Coal City Club in Coal City, West Virginia, a part of Beckley.
All of the men are coal miners. Note that some of them are “hunkering down” rather than sitting. This is a familiar stance to all miners who use this posture in the mine shafts which have low ceilings.
“The people of Appalachia are a proud people. They were very open and honest with me, welcoming me into their homes and to their tables. They loved the beauty and solitude of the mountains. I understood their love of the land… Coal mining changed the landscape forever and the land was never again the same.”
– Jack Corn
A miner spreads his lunch out on a bench in the shower and time card room of the Virginia-Pocahontas Coal Company mine #3 near Richlands, Virginia. He hauls equipments into the mine during his work shift.
Two Miners Relaxing in a Beer Joint after Finishing Their Shift There Is Little to Do in Many of the Small Mining Towns for the Young Men Other Than Drink Beer and Talk. They Are Shown in the Tavern Operated by Jack Smith, Rhodell, West Virginia, near Beckley 06/1974
Rear view of Supervisors’ Housing in Dehue, West Virginia, a Youngstown Steel Corporation Company town near Logan. In the older housing the supervisors were given two-story homes with four rooms on each floor while the workers received one-story four room dwellings. The houses also were separated, symbolic of a caste system that is now becoming a thing of the past.
Loaded coal cars sit in the rail yards at Danville, West Virginia, near Charleston. Awaiting shipment to customers. It is one of the largest trans-shipment points for coal in the world. A constant stream of rail cars is moved in and out of the small town.
Edward Austin, 64, lives in the black portion of Fireco, a small town near Beckley, West Virginia, in Raleigh County. He receives Black Lung benefits and a United Mine workers pension, after w in the mines From 1925 to 1956. He has 20 children and does not regret having them one bit.
Miner Wayne Gipson, 39, with his daughter Tabitha, 3. He has just gotten home from his job as a conveyor belt operator in a non-union mine. As soon as he arrives he takes a shower and changes into clothes to do livestock chores with his two sons.

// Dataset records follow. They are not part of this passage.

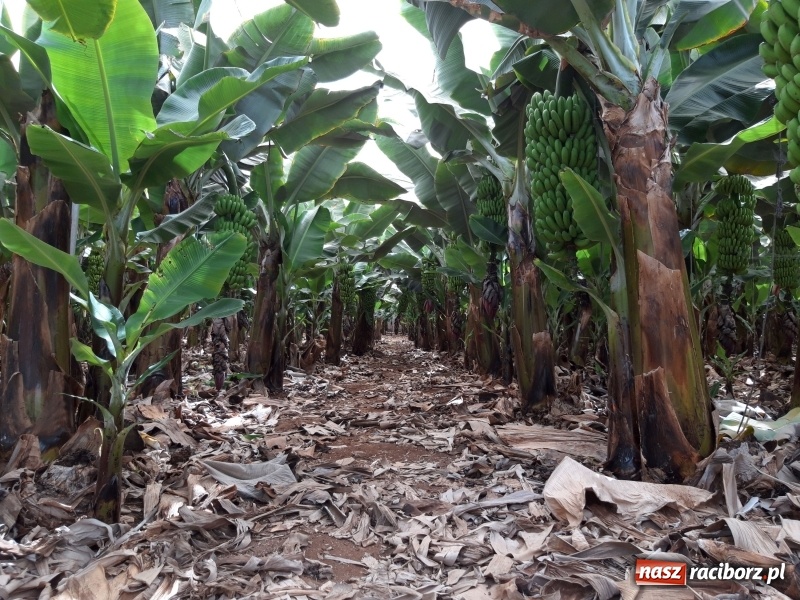 Zdjęcie w galerii na portalu naszraciborz.pl: Bananowy song uczniów CKZiU nr 1 z Raciborza wiadomości z regionu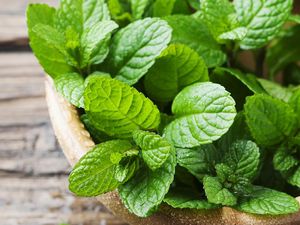 10 Rebusan Daun untuk Redakan Batuk yang Alami dan Efektif 10 Rebusan Daun untuk Redakan Batuk yang Alami dan Efektif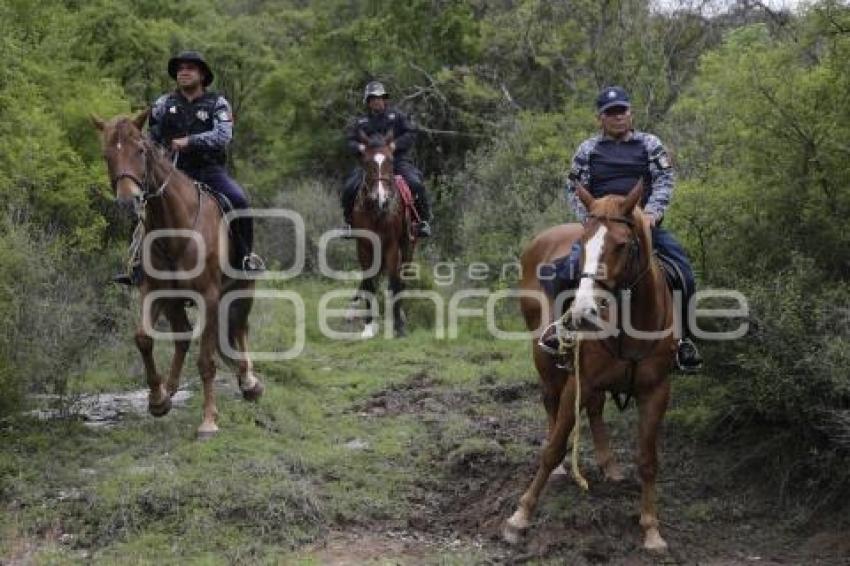 FLOR DEL BOSQUE . POLICÍA MONTADA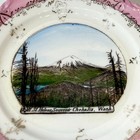 Chehalis Mt Helen Wa Washington Antique Souvenir Rare China Dish Plate 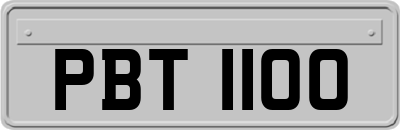 PBT1100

Jack Smith, 42, Left, Rhodell, West Virginia, near Beckley, Was a Miner Disabled When a Roof Caved in Who Had to Wait 18 Years to Get Workman’s Compensation. He Was 21 When Injured and Had Worked One Year in the Mines. of the Nine Boys and Seven Girls in His Family All the Males Went Into the Mines Except One Who Died in Infancy Smith Is Shown on the Porch of the Beer Joint He Operates. Seated with Him Are His Brothers, Leo, 39, and Twin Roy, 42 04/1974
Early morning light enriches a bucolic scene at Claypool Hill, near Richlands, Virginia, about a dozen miles from the coal mines, 10/1974
Veteran miner Harold Stanley, right, talks to a young miner who has come into the mine for the first time after 40 hours of classroom training. Stanley placed his hand on the new man, shined his lamp in the miner’s face and said ‘Be alert, be safe, and uns (you) will be a good miner and get along just fine.’ this is Virginia-Pocahontas Coal Company Mine #3 near Richlands, Virginia, 04/1974
Miners Line Up to Go Into the Elevator Shaft at the Virginia-Pocahontas Coal Company Mine #4 near Richlands, Virginia the Man at the Right Wears a Red Hat Which Means He Is a New Miner and Has Worked Below Less Than a Month. His Belt Also Shows Less Wear Than the Others. The Miner at the Left Carries Red Man Chewing Tobacco, Used by Many of the Men Because They Cannot Smoke in the Mines. They Also Prefer to Carry Their Own Water Rather Than Use What the Company Provides 04/1974
Jack Corn began his career as a staff photographer for The Tennessean, where he worked for over two decades and eventually became the paper’s chief photographer and photo editor. From there, he went on to work for the Chicago Tribune and teach in the journalism school at Western Kentucky University.